И гэпнувшись в украинскую мову, воспаленно озаботилась чеченская хохлушка Дездемона:
– Паду-у ли я дручком пропэрта! Иль хило опаде-е-от дручок?!
Столовая визжала, грохоча аплодисментами: бадмаевцы пошли вразнос.
Цвела пунцовым румянцем Ираида – благоухала за спортфаковским столом капустная лабухиада наивысшей пробы. Она, выпускница-пианистка музучилища, понимала в этом толк.
Дуэт Евгена с Ахмедом плескал цветастыми крылами махаона над замурзанным бытием столовой. Евген с Ахмедом ходили к Соколову третий год, одолевая параллельно Спарафучиля и Герцога, Мельника и Леля, Гремина и Ленского.

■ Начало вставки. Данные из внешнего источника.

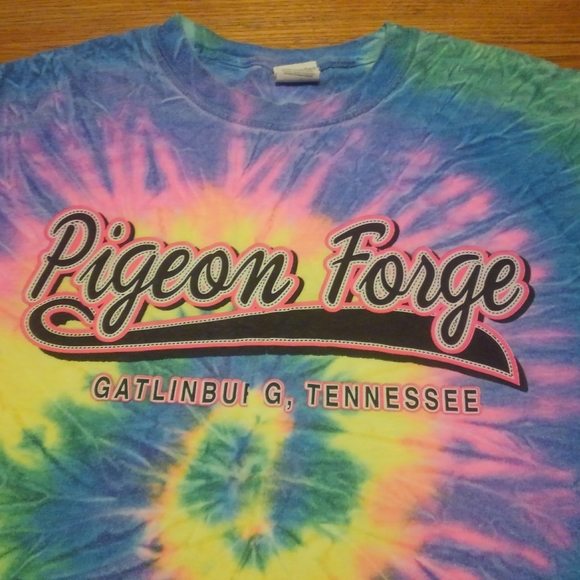 🐦 Pigeon Forge 🔥 Gatlinburg 🇺🇸 Shirt Tie-dye Medium Tennessee 🌎🏔 Smoky Mtn - Picture 1 of 10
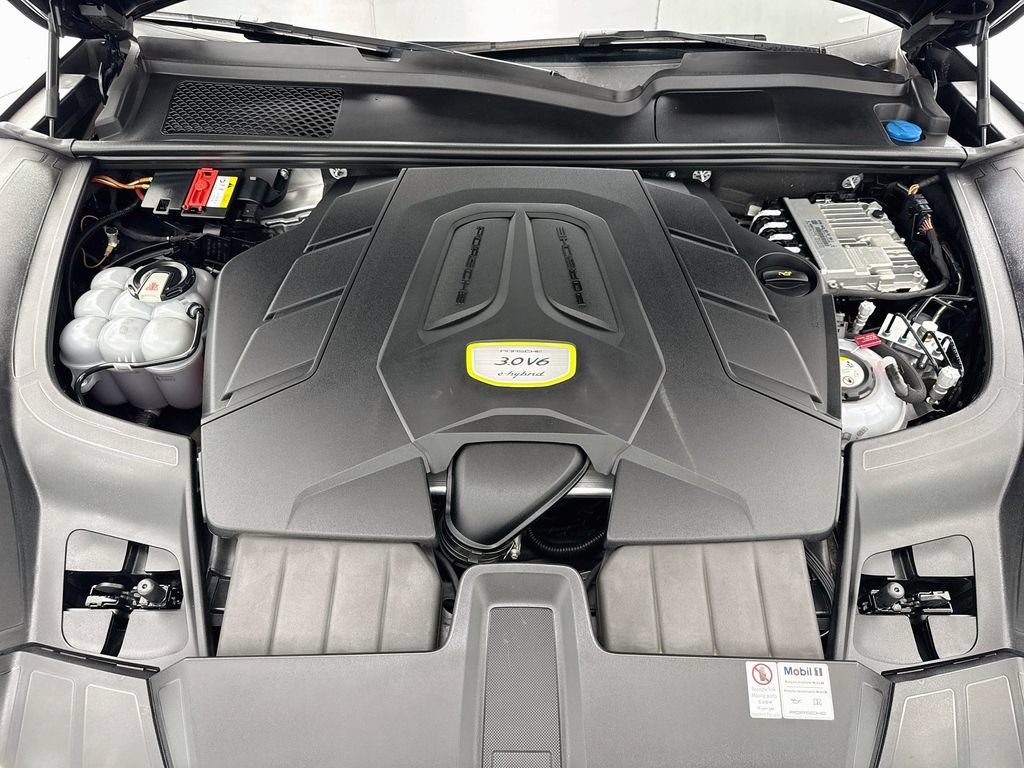 Used 2019 Porsche Cayenne E-Hybrid AWD/4WD image 28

Меж ними выткалась незримая, крепчайшая контактность, где можно было дурошлепствывать и обзываться, подначивать и ерничать, не опасаясь срыва в этно-злобу.
Когда чеченцев-ингушей возвратили из Казахстана, воткнув этническое раскаленное шило в славянскую среду, растекшуюся по Чечне, пустившую в ней корни – Чечня взорвалась затаенной, закоксовавшейся в горцах ненавистью. Ее формировала столетняя война, завоевание Кавказа Воронцовым и Ермоловым. Ее предельно-режуще заточило выселение вайнахов Сталиным-Серовым-Берией в сорок четвертом году.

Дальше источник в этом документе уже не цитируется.